Tulsi marriage is an essential part of Tulsi worship. On Ekadashi (the eleventh day) of the waxing moon in the month of Kartik, worshippers perform Tulsi vivah, the ceremonial marriage of Tulsi with Krishna. The Tulsi Vivah puja vidhi is actually the recreation of a traditional Hindu wedding ceremony conducted in the house or a temple. Tulsi marriage ceremony begins in the evening and worshippers performing this puja observe a fast until then. This is because it is believed that the soul of Vrinda lives in Tulsi plant at night and leaves in the morning. A wedding mandap is installed in the courtyard where the Tulsi plant resides. The bride Tulsi is bathed and dressed in a red sari and decked with jewellery. Sometimes, a paper human face may be put on Tulsi to give her a human touch. The groom is usually an image or idol of Vishnu or Krishna or even a Shaligram stone, bathed and wrapped in a dhoti. The marriage ceremony is followed by a traditional wedding feast. The significance of Tulsi Vivah is that it marks the beginning of the annual marriage season in India.Read more
Guru Nanak Dev Ji is the founder of Sikhism and the first of the ten Sikh Gurus. His birth is celebrated worldwide as Guru Nanak Gurpurab on Kartik Pooranmashi, the full-moon day in the month of Katak (the 8th month of the Nanakshahi calendar), falling in October–November. Guru Nanak Dev ji travelled far and wide teaching people the message of one God who dwells in every one of His creations and constitutes the eternal Truth. He set up a unique spiritual, social, and political platform based on equality, fraternal love, goodness, and virtue.
Sai Baba Jayanti
Sri Sathya Sai Baba was born as Sathyanarayana Raju on November 23, 1926. November 23 is celebrated amongst his devotees all over India as Sai Baba Jayanti. He was born in the village of Puttaparthi, in the state of Andhra Pradesh in South India. From childhood, he had a natural inclination towards spirituality which set him apart from other children of his age. He became known as ‘ Guru’ and “ Brahmajnani’ (knower of Brahman or Godhead) among his peers and others in the village. He demonstrated and preached principles of truth, righteousness, nonviolence, peace and love. His message was to love all. Where there is love, God resides. He believed in transforming that love into service and this service to take one to “sadhana”. He wanted to unite all mankind with his message of Love.
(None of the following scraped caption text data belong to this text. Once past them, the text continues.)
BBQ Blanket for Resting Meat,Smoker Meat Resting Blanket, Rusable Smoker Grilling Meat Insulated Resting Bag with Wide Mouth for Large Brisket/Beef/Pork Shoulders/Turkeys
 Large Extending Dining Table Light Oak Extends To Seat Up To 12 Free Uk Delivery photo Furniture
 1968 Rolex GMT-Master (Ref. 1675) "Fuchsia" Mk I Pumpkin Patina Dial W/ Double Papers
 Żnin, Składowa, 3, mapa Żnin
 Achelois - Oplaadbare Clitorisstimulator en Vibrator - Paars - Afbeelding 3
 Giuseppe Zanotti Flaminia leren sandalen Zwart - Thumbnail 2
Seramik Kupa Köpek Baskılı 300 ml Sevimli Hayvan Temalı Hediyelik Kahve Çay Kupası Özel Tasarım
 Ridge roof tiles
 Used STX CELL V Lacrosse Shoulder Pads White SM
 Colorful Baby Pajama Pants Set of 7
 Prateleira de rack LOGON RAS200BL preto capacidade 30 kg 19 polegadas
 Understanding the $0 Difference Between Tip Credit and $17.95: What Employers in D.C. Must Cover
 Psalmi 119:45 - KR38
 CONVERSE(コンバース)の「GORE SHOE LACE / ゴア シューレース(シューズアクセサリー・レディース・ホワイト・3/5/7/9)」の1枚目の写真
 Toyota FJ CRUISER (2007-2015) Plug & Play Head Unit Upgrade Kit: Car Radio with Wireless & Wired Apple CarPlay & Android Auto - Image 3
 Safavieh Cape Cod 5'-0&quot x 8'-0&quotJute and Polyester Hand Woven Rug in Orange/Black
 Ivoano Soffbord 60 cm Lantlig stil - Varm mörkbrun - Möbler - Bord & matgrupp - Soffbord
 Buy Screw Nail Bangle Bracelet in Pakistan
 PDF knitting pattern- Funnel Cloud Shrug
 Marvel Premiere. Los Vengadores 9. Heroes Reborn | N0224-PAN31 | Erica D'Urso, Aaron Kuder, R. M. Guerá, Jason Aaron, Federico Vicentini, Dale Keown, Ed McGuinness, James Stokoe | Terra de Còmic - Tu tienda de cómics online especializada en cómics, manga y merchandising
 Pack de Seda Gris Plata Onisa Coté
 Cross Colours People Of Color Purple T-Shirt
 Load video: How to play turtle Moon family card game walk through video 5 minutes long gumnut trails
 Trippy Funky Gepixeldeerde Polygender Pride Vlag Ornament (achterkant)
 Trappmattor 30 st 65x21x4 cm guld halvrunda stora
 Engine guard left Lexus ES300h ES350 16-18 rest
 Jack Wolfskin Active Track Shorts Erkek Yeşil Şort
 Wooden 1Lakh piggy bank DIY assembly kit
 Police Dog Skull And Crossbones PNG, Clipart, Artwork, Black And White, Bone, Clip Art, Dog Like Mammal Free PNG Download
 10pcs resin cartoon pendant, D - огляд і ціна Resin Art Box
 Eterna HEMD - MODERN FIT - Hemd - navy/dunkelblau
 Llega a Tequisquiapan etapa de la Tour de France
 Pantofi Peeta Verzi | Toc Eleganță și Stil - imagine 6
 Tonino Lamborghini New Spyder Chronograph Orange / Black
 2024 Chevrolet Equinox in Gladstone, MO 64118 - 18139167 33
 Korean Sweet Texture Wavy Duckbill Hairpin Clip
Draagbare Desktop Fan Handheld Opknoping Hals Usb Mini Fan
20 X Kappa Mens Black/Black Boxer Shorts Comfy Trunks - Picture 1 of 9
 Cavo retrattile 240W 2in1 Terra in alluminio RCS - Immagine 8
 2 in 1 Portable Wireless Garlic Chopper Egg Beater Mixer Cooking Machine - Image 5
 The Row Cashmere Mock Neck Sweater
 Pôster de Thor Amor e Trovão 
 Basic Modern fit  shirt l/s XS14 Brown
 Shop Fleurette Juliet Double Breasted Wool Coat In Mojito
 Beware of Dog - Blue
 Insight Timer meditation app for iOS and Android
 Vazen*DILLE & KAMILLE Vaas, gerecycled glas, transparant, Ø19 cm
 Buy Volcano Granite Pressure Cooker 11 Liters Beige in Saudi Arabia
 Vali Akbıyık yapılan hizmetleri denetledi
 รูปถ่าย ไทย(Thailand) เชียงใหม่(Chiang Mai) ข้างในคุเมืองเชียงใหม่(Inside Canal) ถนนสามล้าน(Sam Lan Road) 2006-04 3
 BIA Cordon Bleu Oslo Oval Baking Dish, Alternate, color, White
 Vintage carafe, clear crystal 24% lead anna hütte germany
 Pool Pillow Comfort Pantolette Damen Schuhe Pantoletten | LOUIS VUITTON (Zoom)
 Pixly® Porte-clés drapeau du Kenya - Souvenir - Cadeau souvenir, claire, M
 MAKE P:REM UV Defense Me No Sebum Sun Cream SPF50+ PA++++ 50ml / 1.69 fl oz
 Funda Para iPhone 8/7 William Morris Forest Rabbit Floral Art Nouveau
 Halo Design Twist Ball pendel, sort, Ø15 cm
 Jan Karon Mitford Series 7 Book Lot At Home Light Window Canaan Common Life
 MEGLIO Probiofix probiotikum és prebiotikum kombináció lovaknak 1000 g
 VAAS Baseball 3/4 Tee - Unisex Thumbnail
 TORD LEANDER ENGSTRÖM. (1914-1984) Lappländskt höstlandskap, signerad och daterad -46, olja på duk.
Gita Jayanti is the celebration of the birth of Bhagwad Gita; a song divine, in form of a lyrical dialogue between Bhagwaan Krishna and his favorite disciple Arjun in the middle of the battlefield of Mahabharat or Dharmayuddha in which all questions about life and spirituality are answered ultimately declaring “Wherever there is Shree Krishna, the Lord of all Yog, and wherever there is Arjun, the supreme archer, there will also certainly be unending opulence, victory, prosperity, and righteousness. Of this, I am certain.”
Shri Gayatri Yagna
From the beginning of the time so many sacred mantras and rituals have been introduced by our Ved and ancient scriptures and one of them is Gayatri Mantra. When Gayatri Mantra is combined with Yagna, a fire sacrifice ceremony, it brings extensive benefit to the person and to the entire cosmos. Gayatri Mantra is mentioned as a Savitr (Sury) upasana in Rig Ved in the beginning of the universe. Maharishi Vishvamitra introduced this mantra in detail. Gayatri Yagna is one of the Run (Indebtedness) we have pay to pay in our lifetime as a Dev Run. Gayatri Yagna rituals brings brilliance, determination and a winning attitude in all aspects of life.